Bay boats are evolving. Once used primarily with a trolling motor to fish shallower depths and cross open waterways, the latest generation is clearly multipurpose. From nearshore patch reefs, rigs and wrecks to working weed lines or drifting for swordfish in the Gulf Stream, anglers and builders alike are breaking the style’s traditional mold. Sea Born’s FX25 epitomizes the latest trend.
“Boat use has changed a lot in the past few years,” says Wally Bell, president of Sea Born Boats, based in Blackshear, Georgia. “We’re now seeing multigenerations buying a boat and sharing it. They want something affordable and easy to handle. On Saturday they might run out the inlet to troll for king mackerel before coming back in to fish live shrimp for trout when the tide turns. The next day the whole family loads up and goes to the beach for a picnic. We took all these factors into account when designing this model.”
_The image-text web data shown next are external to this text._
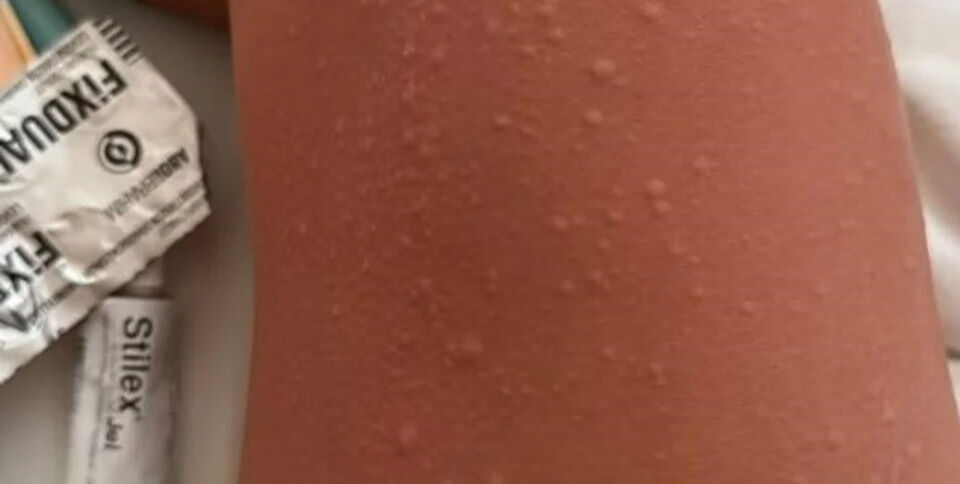 Ünlü şarkıcı Melek Mosso'dan korkutan haber! Bali'de hastanelik oldu Ünlü şarkıcı Melek Mosso'dan korkutan haber! Bali'de hastanelik oldu - 3. Resim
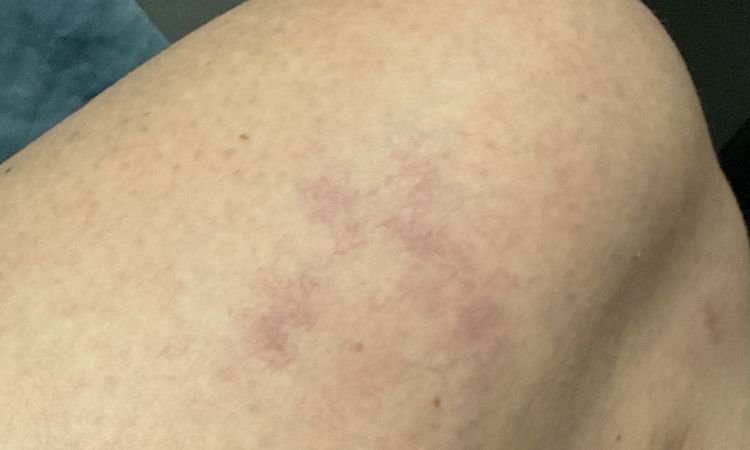 řešení na matting / metličky (drobné žilky/žilečky) - 83827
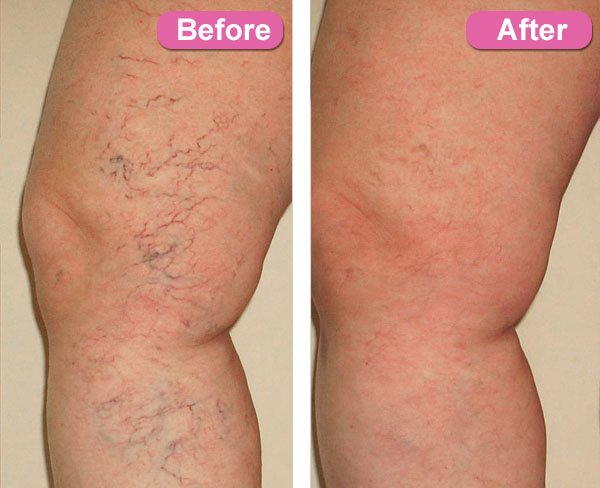 Before and after close-up of leg showing results of laser vein removal treatment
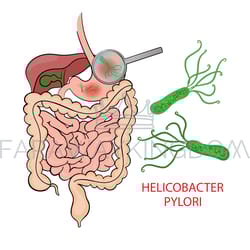 helicobacter pylori medicine education diagram vector set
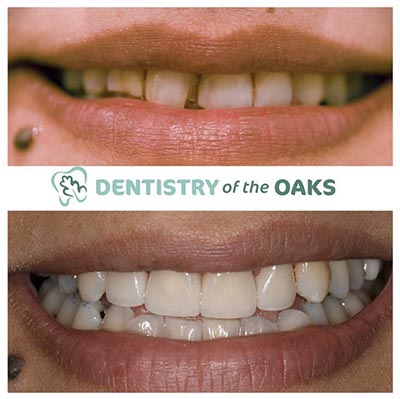 Picture two of our top rated dental work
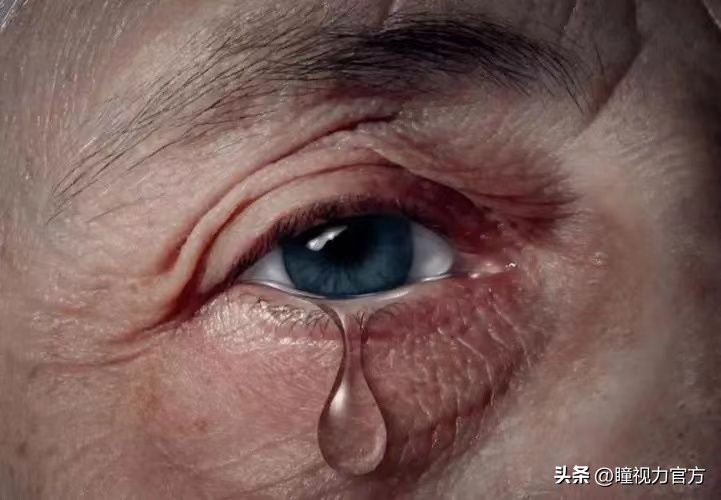 眼睛老是流泪做什么检查,眼睛一直流泪睁不开是什么原因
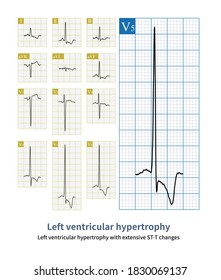 The ECG Of Patients With Left Ventricular Hypertrophy Can Show Extensive ST-segment Depression, Which Is Easily Misdiagnosed As Acute Left Main Disease.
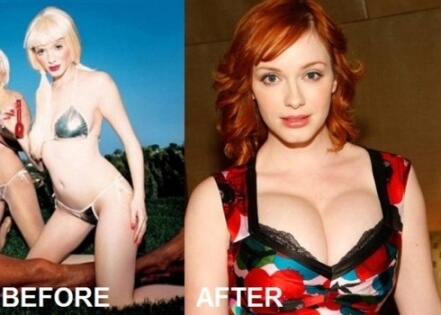 Christina Hendricks plastic surgery before and after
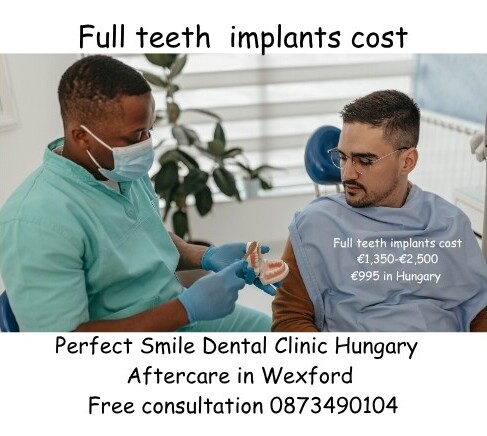 Full teeth implants cost image
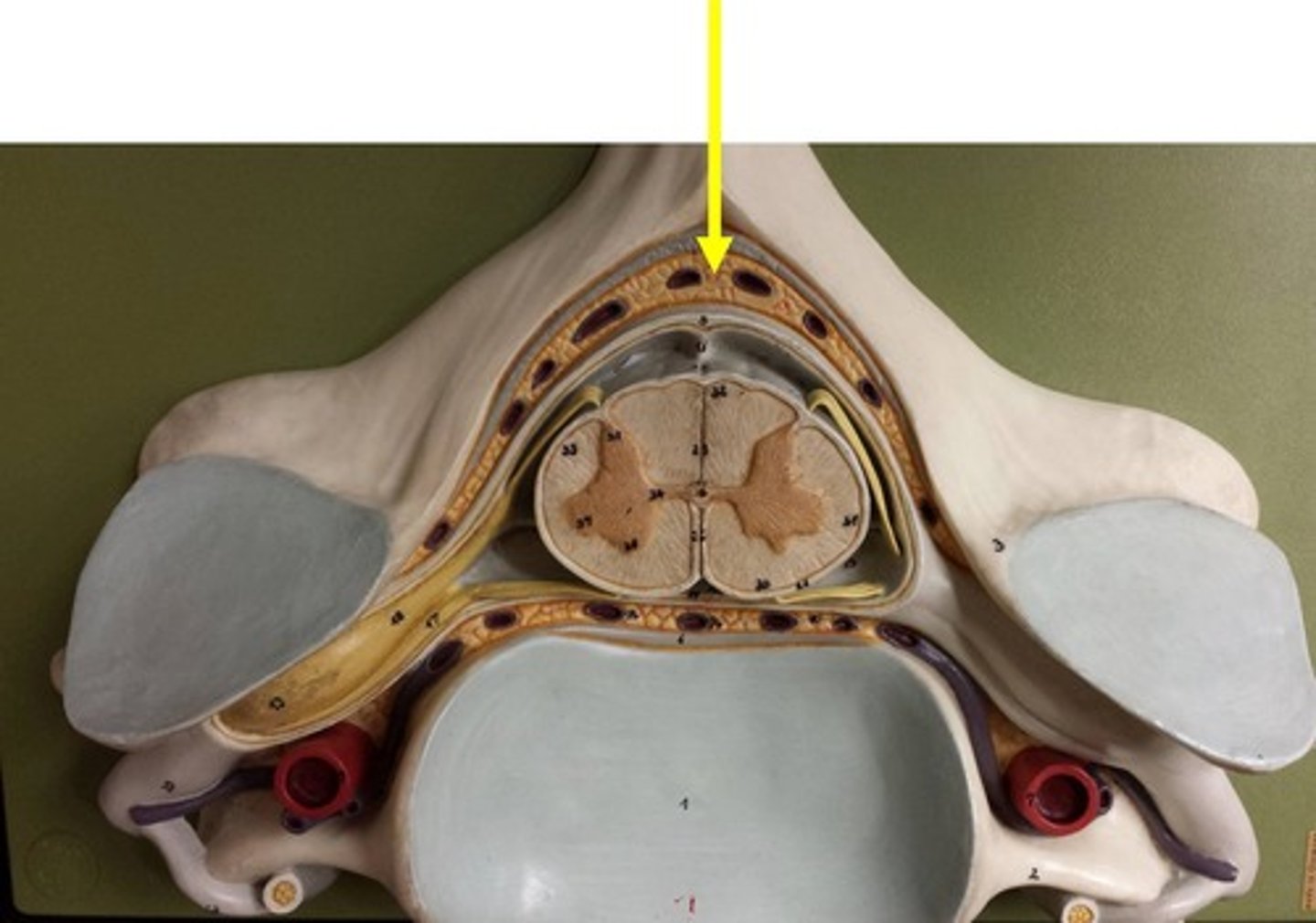 <p>space between the dura mater and the wall of the vertebral canal</p>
With a modest bow flare, single-step hull and integrated engine bracket, the FX25 offers a sleek, clean profile, and is capable of deepwater performance. The wide beam and 22-inch cockpit freeboard ensures stability. Our test boat was rigged with a 300 hp Mercury Verado four-stroke mounted on an Atlas hydraulic jack plate. The boat accelerated quickly with very little bow rise, ensuring good operating visibility. Handling was smooth and responsive, thanks to the Verado power steering. With the optional fiberglass hardtop and trolling-motor package (three Interstate batteries, charger and Minn Kota 101 iPilot), we registered a real-world speed of almost 51 mph. In factory tests with the 300 Verado, the FX25 hit 57.2 mph wide open while with the Mercury Verado ProXS 250, the wide-open-throttle speed was 56.4 mph while burning 28 gallons per hour.
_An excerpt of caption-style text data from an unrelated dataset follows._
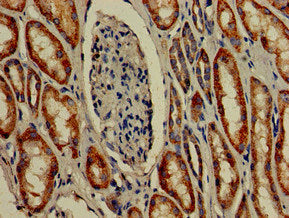 TMIGD2 Antibody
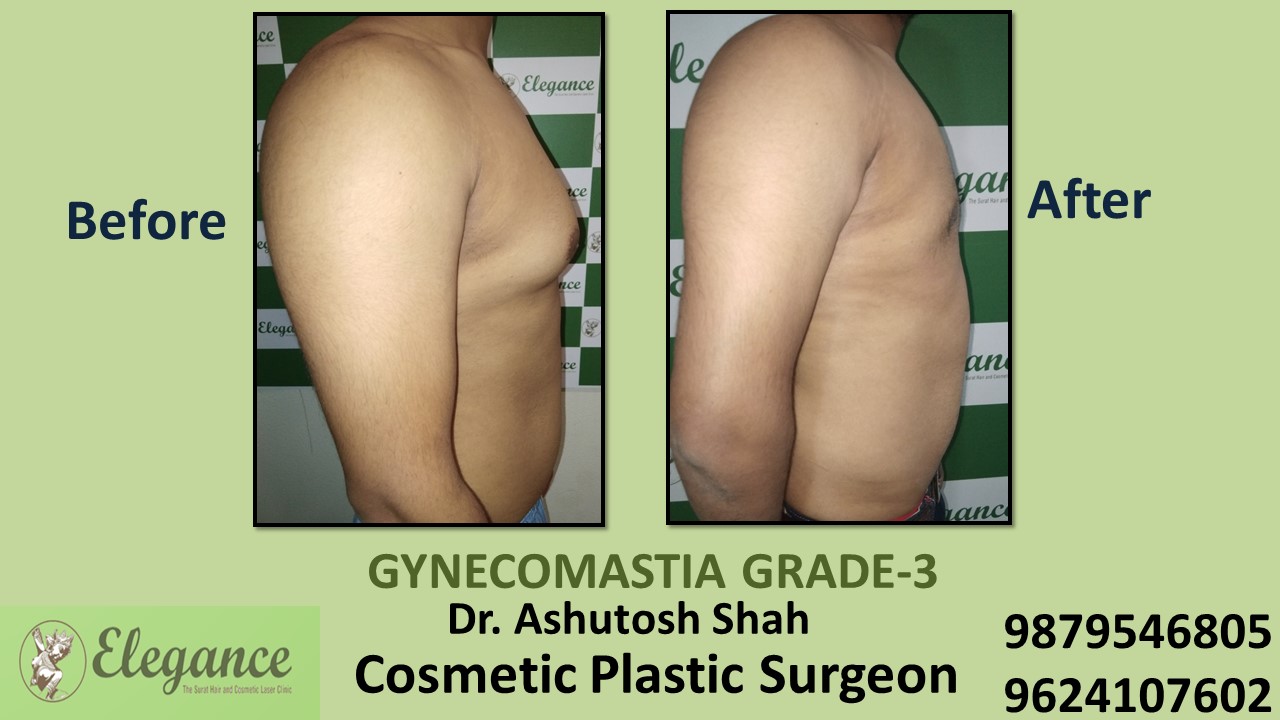 Gynecomastia Grade-3 Treatment, Citylight, Surat, Gujarat, India.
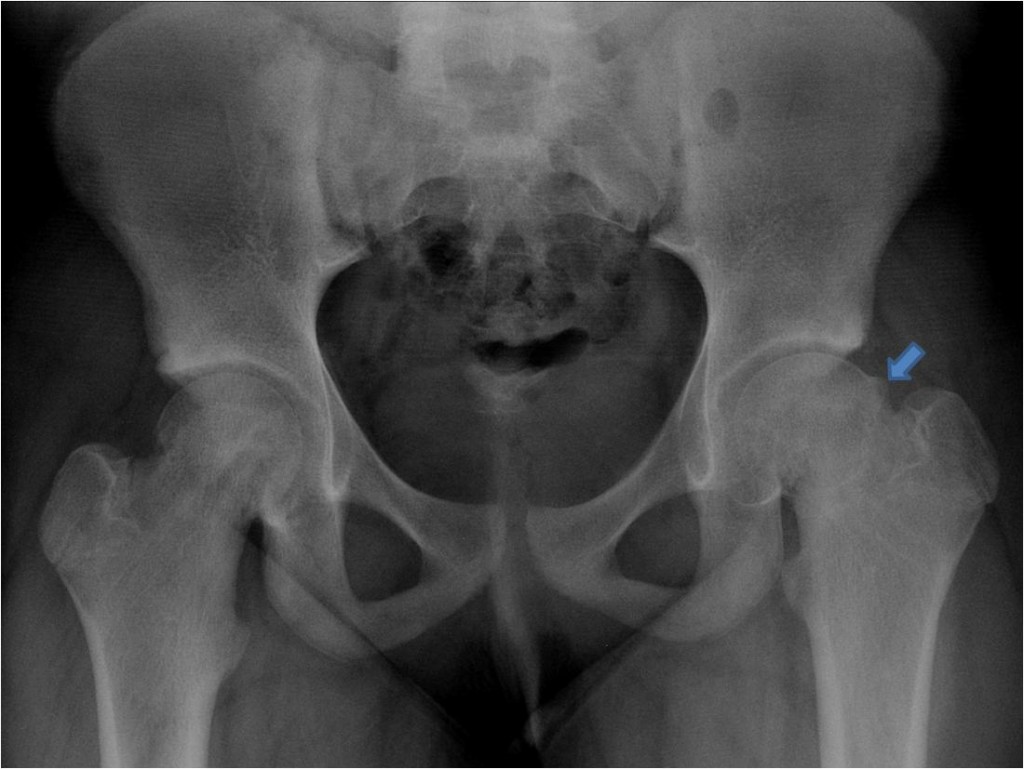 epiphysis of neck of femur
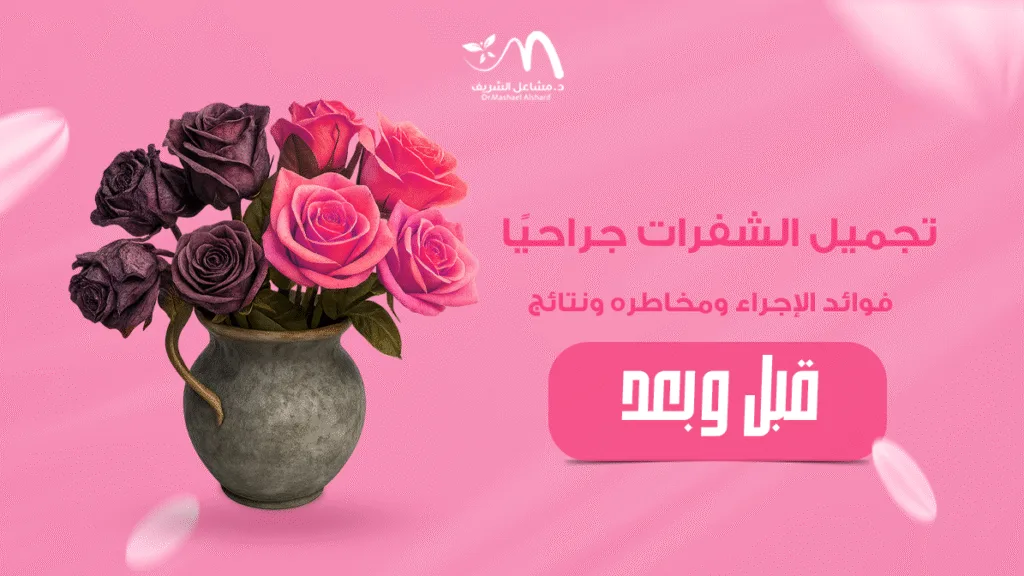 تجميل الشفرات جراحيًا: فوائد الإجراء ومخاطره ونتائج قبل وبعد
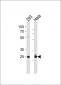 AP7518d-CDK2-Antibody-T14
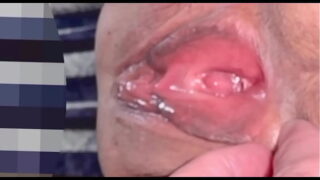 Od.a.lis erome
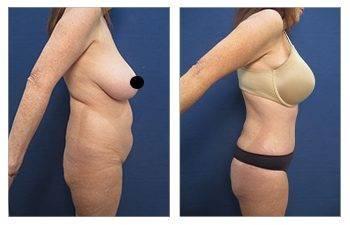 Who Does the Most VASER Liposuction Surgeries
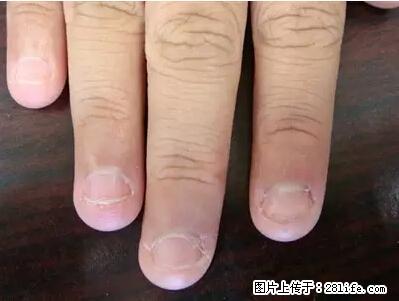 剪指甲、挖耳屎，这些日常小动作竟隐藏大危害！ - 巴彦淖尔盟生活资讯 - 巴彦淖尔盟28生活网 bycem.28life.com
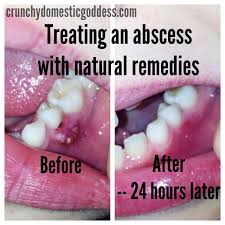 Pin On Dental Health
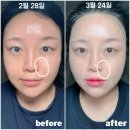 강력한 탄력관리를 홈케어로! 고주파마사지기 커런트바디 한 달 사용 후기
Besides solid performance, the FX25 can be totally tricked out for multispecies fishing scenarios. Our test boat came with the optional Bravo layout, which includes a 66-gallon bow release well with LED lights and a thick acrylic hatch cover, insulated transom fish box with cutting board, and a fiberglass leaning post with 50-gallon recirculating livewell with an acrylic viewing panel. All wells are finished in light blue to keep the baits calm. Another 100-quart box in the forward console seat doubles as a drink cooler. An insulated center well in the bow transition step adds still more capacity, while an aft sea chest ensures a steady supply of water.
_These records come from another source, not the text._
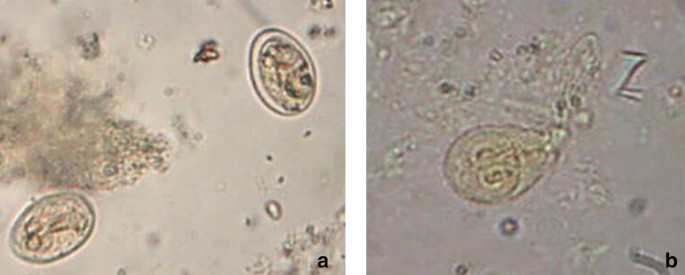 giardia cysts in stool images)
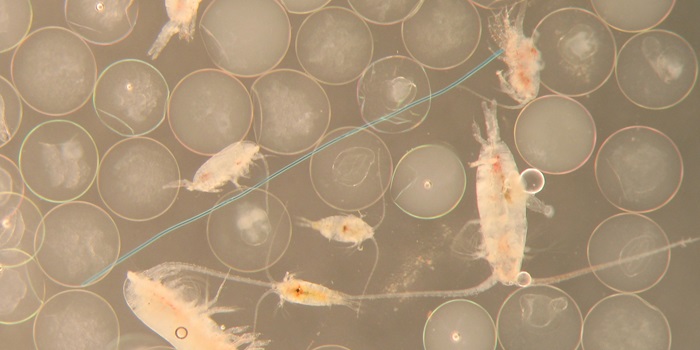 FIskeæg og dyreplankton (vandlopper) og en blå plastfiber. Foto: Bastian Huwer.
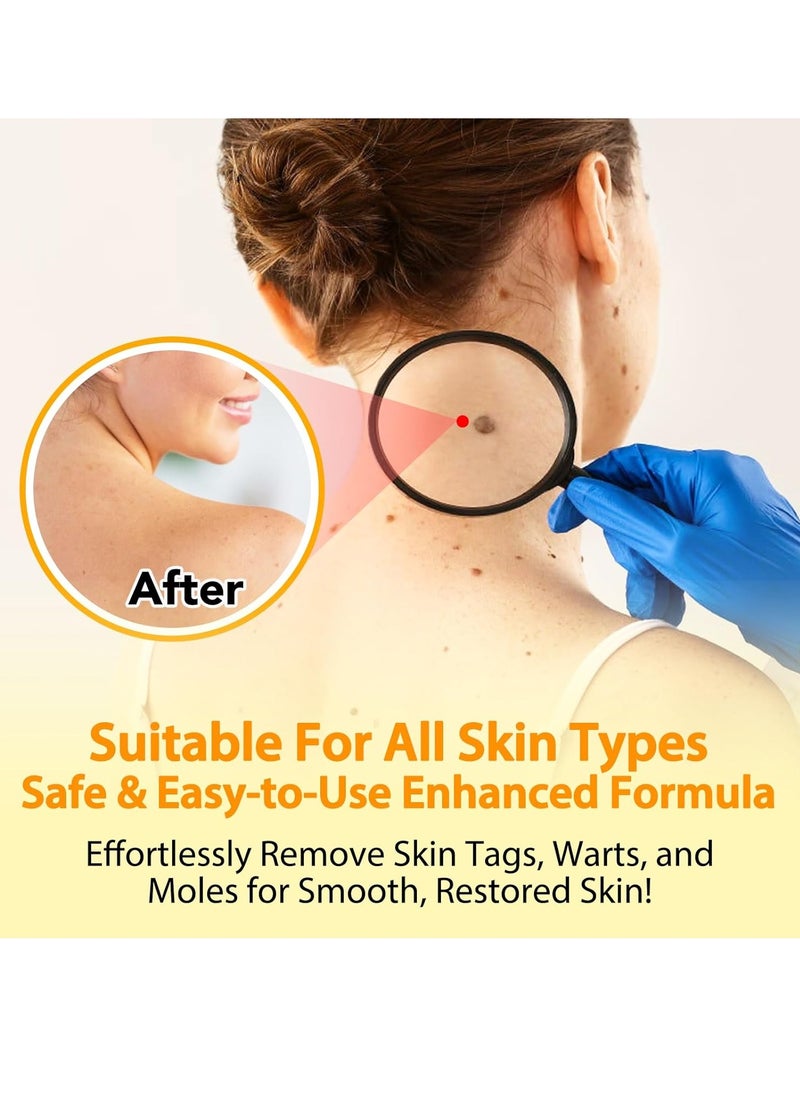 Sefudun 60ml Bee Venom Wart Remover Spray Skin Tag Removal Safe and Painless Clear Skin Tag and Mole Skin Tag Remover for All Skin Types Tag Recede Bee Venom Spray  - Image 4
The outboard compartments in the transition step double as lockable rod-storage boxes, with room for four outfits per side. When you factor in the vertical console holders, the hardtop rocket launcher and the matching gunwale rod racks (which will hold 10-foot fly rods), there’s room for more than two dozen rods. Other angler-friendly features include a hidden compartment with four large Plano storage boxes behind the forward console backrest and a molded cast-net well in the forward sole. A raw-water washdown is standard, while fresh water can be added as a option. A cockpit toe rail and thick coaming bolsters provide comfort during lengthy battles. Inshore enthusiasts might consider adding an 8-foot PowerPole with remote.